(Dataset excerpt):
.....

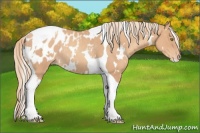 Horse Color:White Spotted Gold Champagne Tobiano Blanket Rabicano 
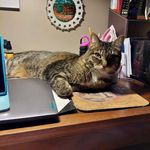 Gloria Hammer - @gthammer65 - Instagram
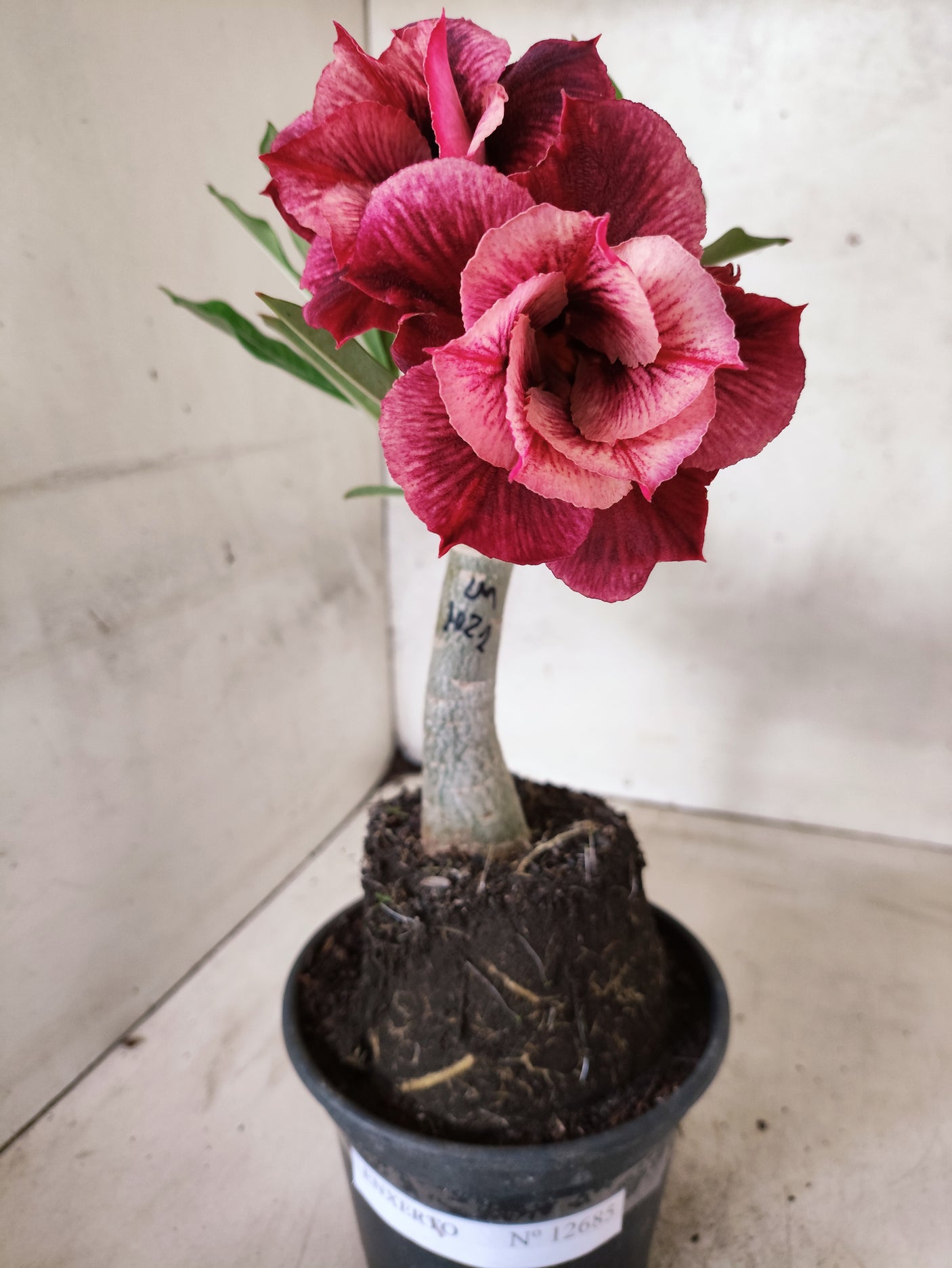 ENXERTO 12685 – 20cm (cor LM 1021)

.....

(Assignment): Make an exact copy of the data above, pictures excluded.

(Reply to the task):
 Horse Color:White Spotted Gold Champagne Tobiano Blanket Rabicano 
 Gloria Hammer - @gthammer65 - Instagram
 ENXERTO 12685 – 20cm (cor LM 1021)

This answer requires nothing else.